Cara Kerja Teknologi Hybrid E:HEV Milik Honda

Cara Kerja Teknologi Hybrid e:HEV Milik Honda Teknologi hybrid e:HEV (Foto: HPM)

KabarOto.com - PT Honda Prospect Motor (HPM) membawa teknologi hybrid bernama e:HEV di Gaikindo Indonesia International Auto Show (GIIAS) 2022.

Teknologi e:HEV merupakan sistem hybrid ramah lingkungan yang memberikan performa dan kenyamanan berkendara dari kecepatan rendah, menengah hingga maksimal. Teknologi e:HEV adalah sistem dengan tingkat kebebasan dimana kedua motor dan mesin dapat beroperasi secara independen serta menghasilkan pengalaman berkendara yang efisien di berbagai situasi.

Muhammad Zuhdi, Service Technical & Warranty Senior Manager PT Honda Prospect Motor yakin sistem e:HEV akan sangat mudah diterima oleh konsumen.

"Karena tidak terdapat banyak perbedaan baik dari cara berkendara maupun perawatan kendaraannya. Meskipun demikian, sistem hybrid sudah dapat secara signifikan memberikan kontribusi terhadap efisiensi bahan bakar dan emisi yang lebih ramah lingkungan,” ujar Zuhdi.

Baca Juga : Strategi Elektrifikasi Honda, Perkenalkan Dua Mobil Hybrid Berbasis E:HEV Tahun 2023

Sistem e:HEV terdiri dari empat komponen utama, yaitu Atkinson Cycle Engine, Electronic CVT (e-CVT), Intelligent Power Unit, dan Power Control Unit. Atkinson Cycle Engine merupakan mesin Direct Injection, 4-cylinders DOHC i-VTEC yang menggunakan bahan bakar bensin.

Pada sistem e:HEV, mesin ini berfungsi untuk memberikan tenaga kepada motor generator sehingga dapat menghasilkan daya listrik untuk menggerakkan motor drive. Sistem ini juga memberikan tenaga langsung ke roda saat berkendara di kecepatan tinggi, dan mengisi daya baterai.

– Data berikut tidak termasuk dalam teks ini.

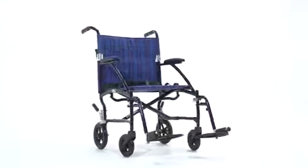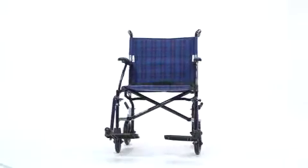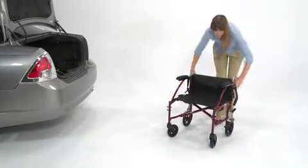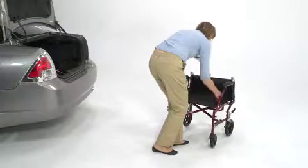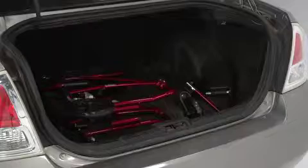Weighing only 14 and a half pounds, this ultra-lightweight chair folds down, making it easier to store and transport. Simply pull the locks up simultaneously and carefully fold down the back support. Then pull up the side seat straps. The contoured handles allow the chair to fold flat and compactly.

Dua mobil yang menggunakan teknologi e:HEV

Putaran mesin kemudian diteruskan oleh motor generator yang berada di dalam e-CVT untuk menghasilkan daya listrik dengan efisiensi tinggi dan mengisi daya baterai. Sementara motor drive di dalam e-CVT berfungsi menyalurkan putaran ke roda dengan tenaga dan traksi yang tinggi, serta menghasilkan daya listrik saat deselerasi.

Kinerja motor pada E-CVT dikontrol oleh Power Control Unit yang juga sekaligus berfungsi untuk mengontrol kebutuhan listrik antara baterai dan motor. Daya listrik pada sistem e:HEV disimpan dalam Intelligent Power Unit yang menggunakan Lithium Ion Battery berkapasitas tinggi. Unit ini mempunyai kapasitas penyimpanan daya hingga 300V.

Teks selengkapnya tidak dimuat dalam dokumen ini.